**Exercise**: Extract, word for word, each line from the line holding "Sommet des Neiges Tremblant" through the end of the records. Omit every picture.

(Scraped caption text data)
####

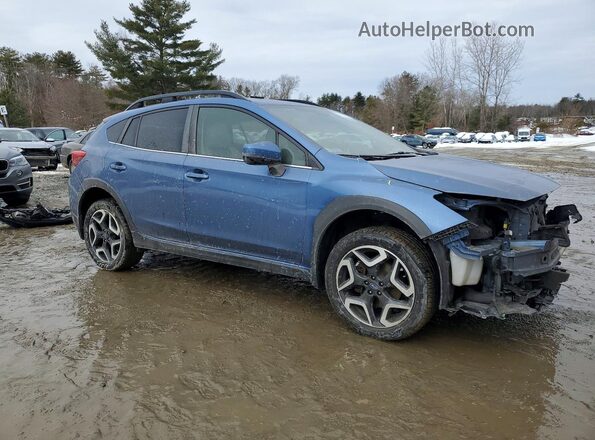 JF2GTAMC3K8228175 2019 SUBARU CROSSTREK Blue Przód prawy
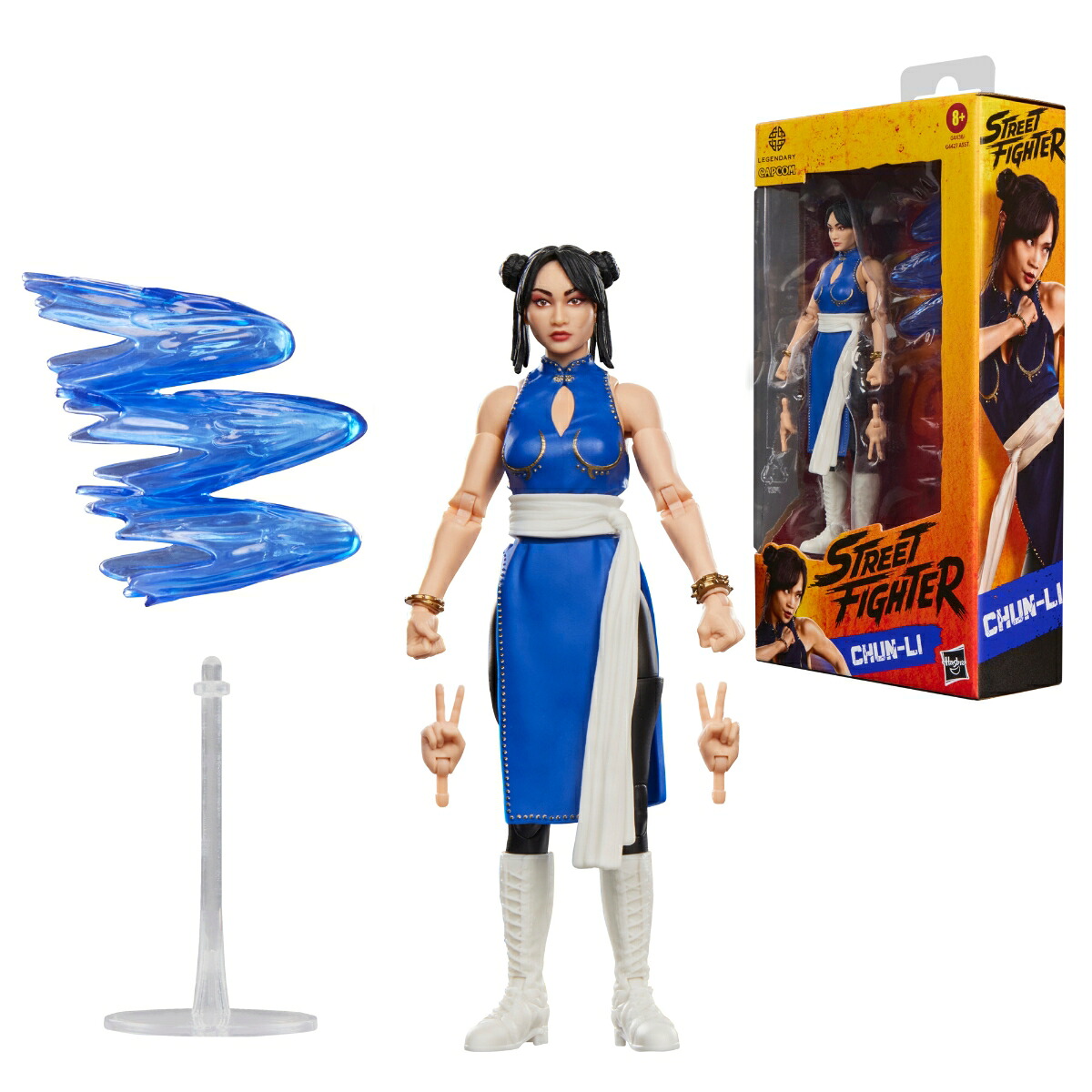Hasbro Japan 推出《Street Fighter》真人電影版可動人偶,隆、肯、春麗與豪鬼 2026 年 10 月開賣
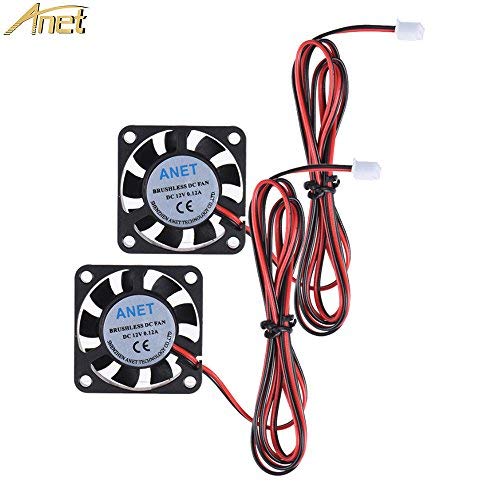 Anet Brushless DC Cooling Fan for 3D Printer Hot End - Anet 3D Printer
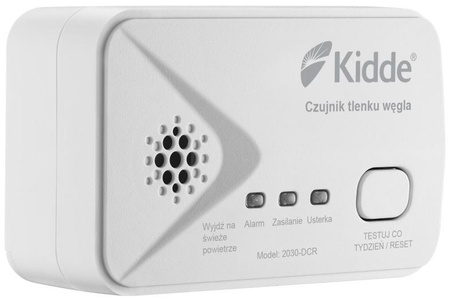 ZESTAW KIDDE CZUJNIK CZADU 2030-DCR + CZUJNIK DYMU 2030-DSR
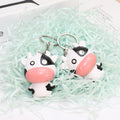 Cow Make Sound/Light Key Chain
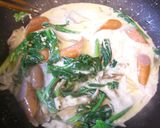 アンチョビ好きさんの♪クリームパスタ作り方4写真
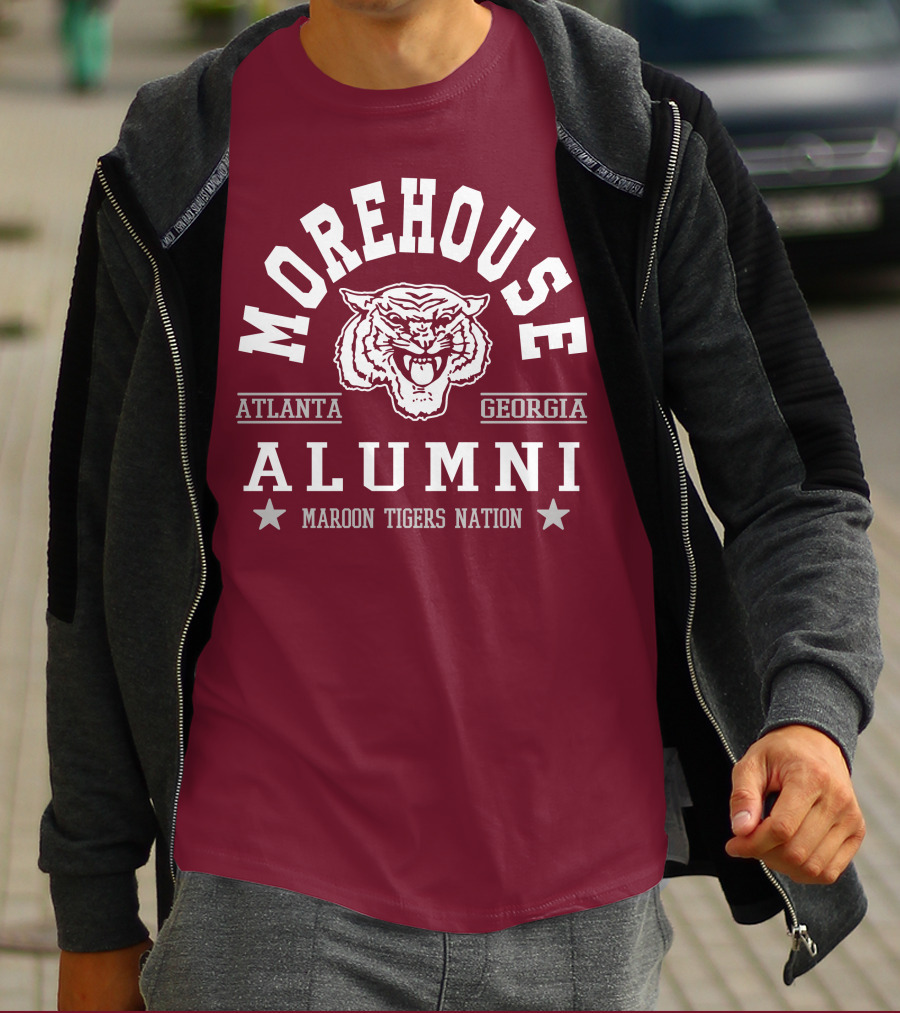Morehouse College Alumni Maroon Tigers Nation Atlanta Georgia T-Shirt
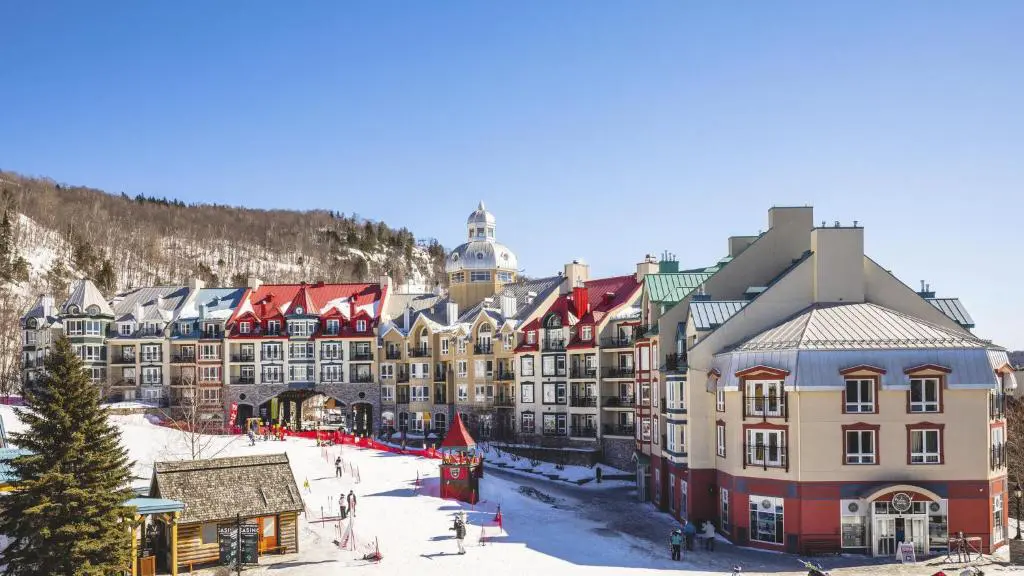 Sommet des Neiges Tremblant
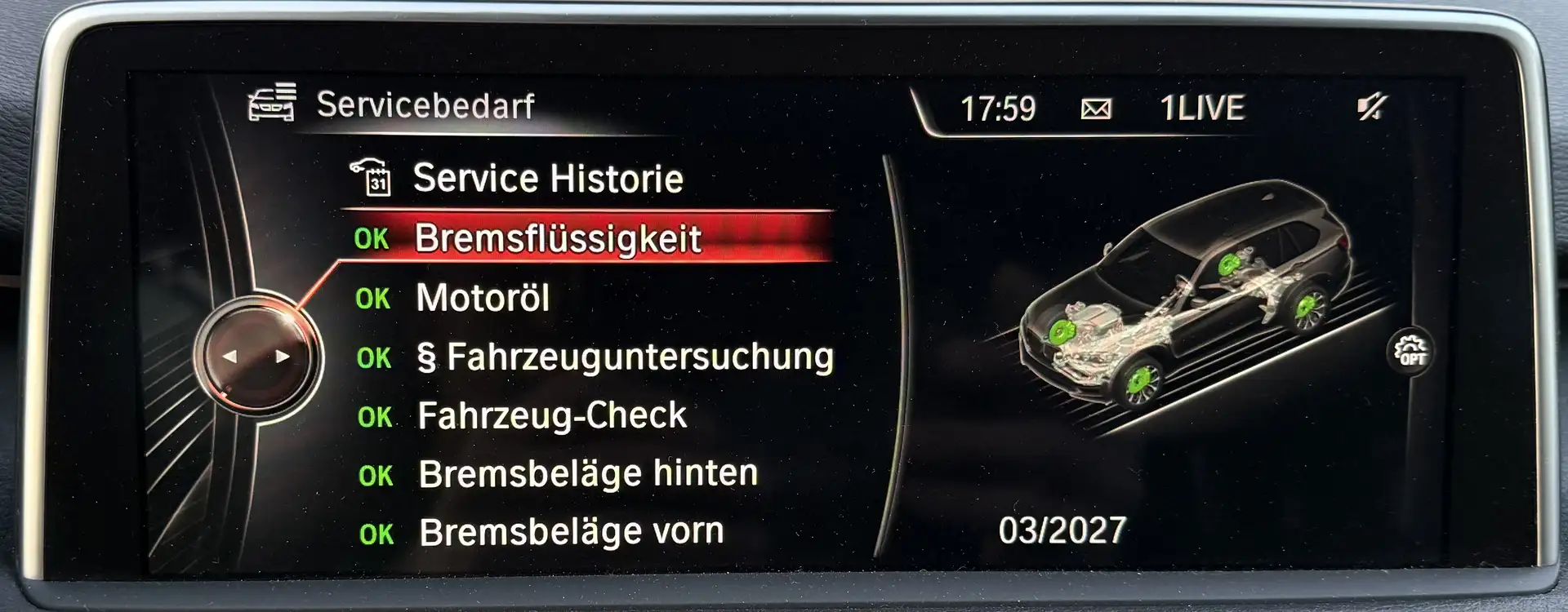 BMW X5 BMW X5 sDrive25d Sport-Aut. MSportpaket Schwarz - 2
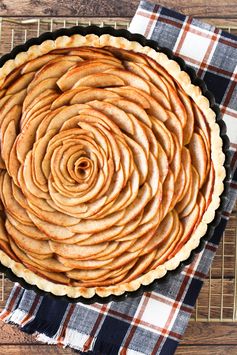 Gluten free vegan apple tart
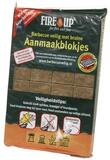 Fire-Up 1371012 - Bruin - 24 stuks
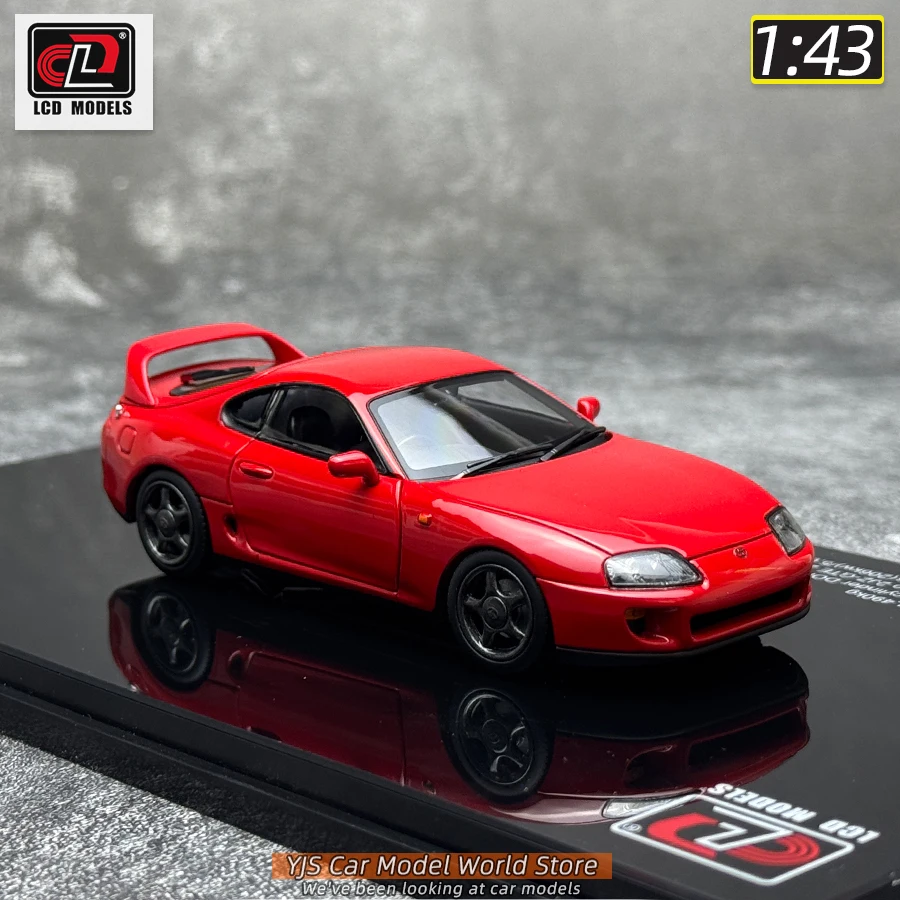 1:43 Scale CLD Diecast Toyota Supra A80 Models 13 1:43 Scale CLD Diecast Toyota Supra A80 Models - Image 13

####

**Response box**:
 Sommet des Neiges Tremblant
 BMW X5 BMW X5 sDrive25d Sport-Aut. MSportpaket Schwarz - 2
 Gluten free vegan apple tart
 Fire-Up 1371012 - Bruin - 24 stuks
 1:43 Scale CLD Diecast Toyota Supra A80 Models 13 1:43 Scale CLD Diecast Toyota Supra A80 Models - Image 13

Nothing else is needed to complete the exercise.